Ey insan! Aklını başına al. Hiç mümkün müdür ki, bütün enva-ı mahlûkatı sana müteveccihen muavenet ellerini uzattıran ve senin hâcetlerine lebbeyk dedirten Zat-ı Zülcelâl seni bilmesin, tanımasın, görmesin?
Madem seni biliyor, rahmetiyle bildiğini bildiriyor. Sen de Onu bil, hürmetle bildiğini bildir. Ve kat’iyen anla ki, senin gibi zaif-i mutlak, âciz-i mutlak, fakir-i mutlak, fani, küçük bir mahlûka bu koca kâinatı musahhar etmek ve onun imdadına göndermek, elbette hikmet ve inayet ve ilim ve kudreti tazammun eden hakikat-i rahmettir. Elbette böyle bir rahmet, senden küllî ve halis bir şükür ve ciddî ve sâfi bir hürmet ister. İşte, o halis şükrün ve o sâfi hürmetin tercümanı ve ünvanı olan بِسْمِ اللّٰهِ الرَّحْمٰنِ الرَّحٖيمِ 'i de, o rahmetin vusulüne vesile ve o Rahmanın dergâhında şefaatçi yap.

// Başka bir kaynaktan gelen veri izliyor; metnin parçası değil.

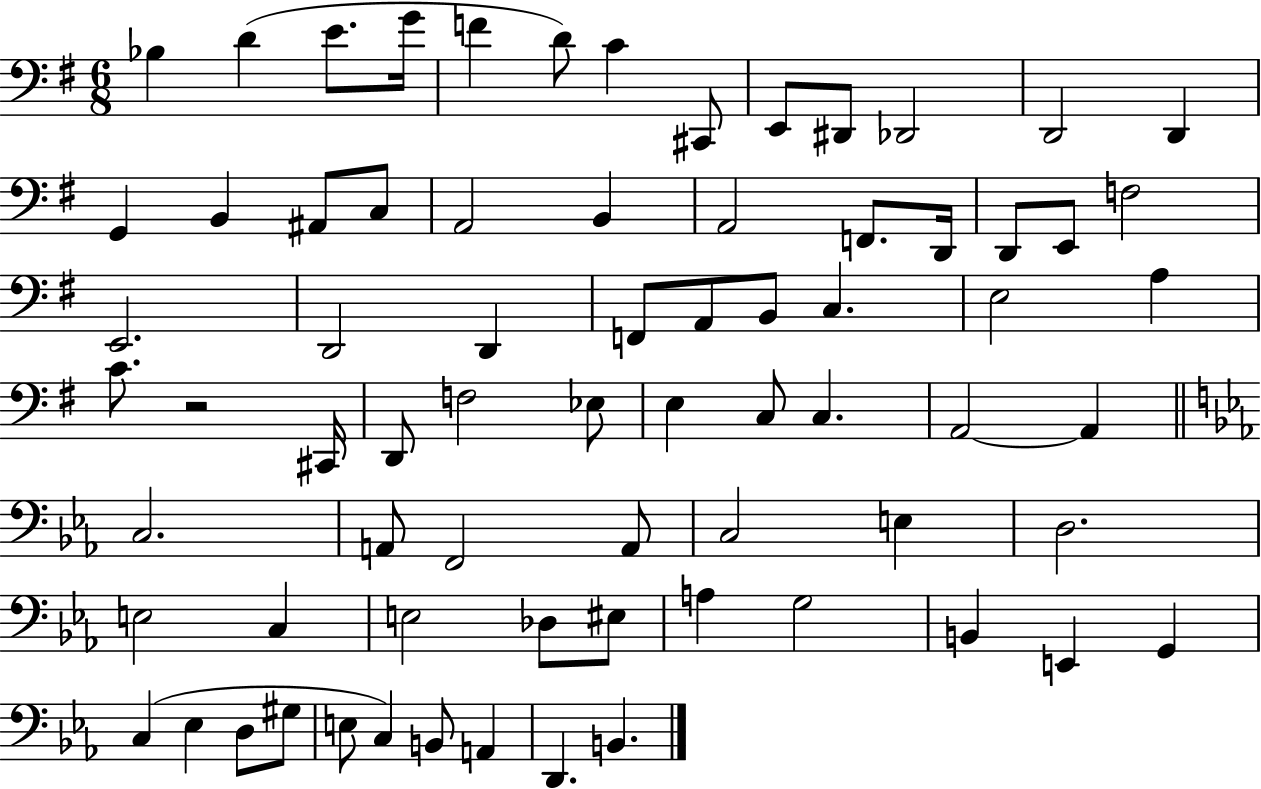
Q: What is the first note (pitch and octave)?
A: Bb3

Evet, rahmetin vücudu ve tahakkuku, güneş kadar zâhirdir. Çünkü, nasıl merkezî bir nakış, her taraftan gelen atkı ve iplerin intizamından ve vaziyetlerinden hasıl oluyor; öyle de, bu kâinatın daire-i kübrasında bin bir ism-i ilâhinin cilvesinden uzanan nuranî atkılar, kâinat simasında öyle bir sikke-i rahmet içinde bir hatem-i rahîmiyeti ve bir nakş-ı şefkati dokuyor ve öyle bir hatem-i inayeti nesc ediyor ki, güneşten daha parlak kendini akıllara gösteriyor.